Love and respect trump a parent’s imperfections

By Heidi Stevens

There’s a lovely passage about parenting tucked inside “A Hologram for the King,” Dave Eggers’ 2012 novel about a lost soul whose midlife setbacks mirror those of recession-ravaged America.

The book, dubbed “Death of a Globalized Salesman” by The New York Times, is only tangentially about parenting; the protagonist, Alan Clay, pens tortured letters to his daughter, Kit, whom he can no longer afford to send to college. But a portion of one letter has me questioning the way I’m raising my kids.

Kit, you know the key to relating to your parents now? It’s mercy. Children, when they become teenagers and then young adults, grow unforgiving. Anything but perfection is pathos. Children are judgmental on an Old Testament level. All errors are unforgivable, as if a contract of perfection has been broken. But what if one’s parents are granted the same mercy, the same empathy as other humans?

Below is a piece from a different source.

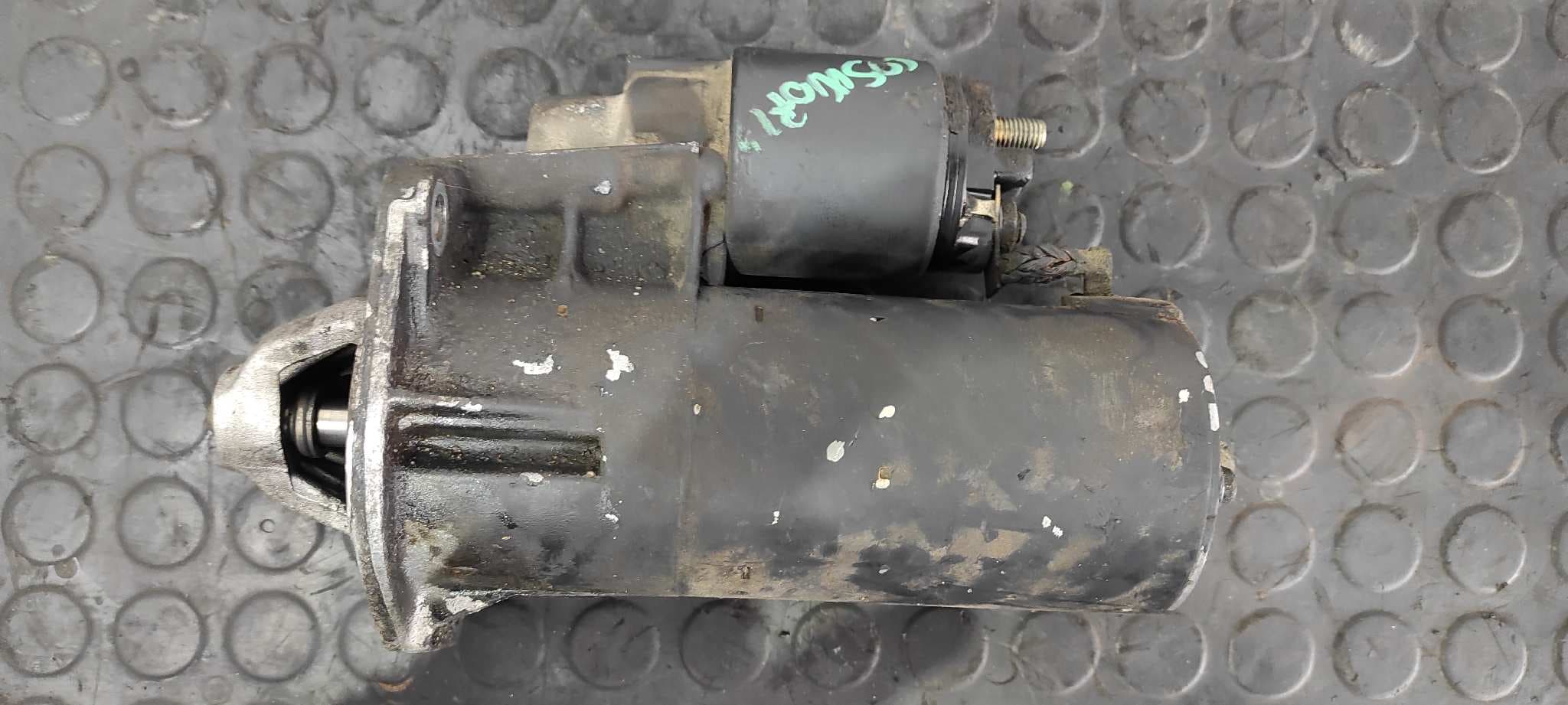 Recambio de MOTOR ARRANQUE para FORD SCORPIO BERL./TURNIER 2.9 V6 24V CAT COSWORTH   referencia OEM IAM 91GB11000AA   - NEGRO 6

Will my children grant me mercy?

Anything but perfection is pathos.

Where would they get that idea?

My kids harbor no illusions of my perfection. I asked them the other night at dinner, inspired by Eggers’ book, which I just finished reading.

“You know how sometimes it’s hard to see your parents as regular people who have feelings and make mistakes?”

They stared at me.

“How it sometimes seems like parents are supposed to be perfect?” I continued.

“Not really,” my daughter answered. “You make mistakes all the time.”

My husband stifled a laugh. I struggled to remember my point.

“And mistakes are OK, right? That’s what I’m talking about!”

Again, the stares. This wasn’t going as planned.

I guess kids know their parents aren’t perfect. But do they know we’re human?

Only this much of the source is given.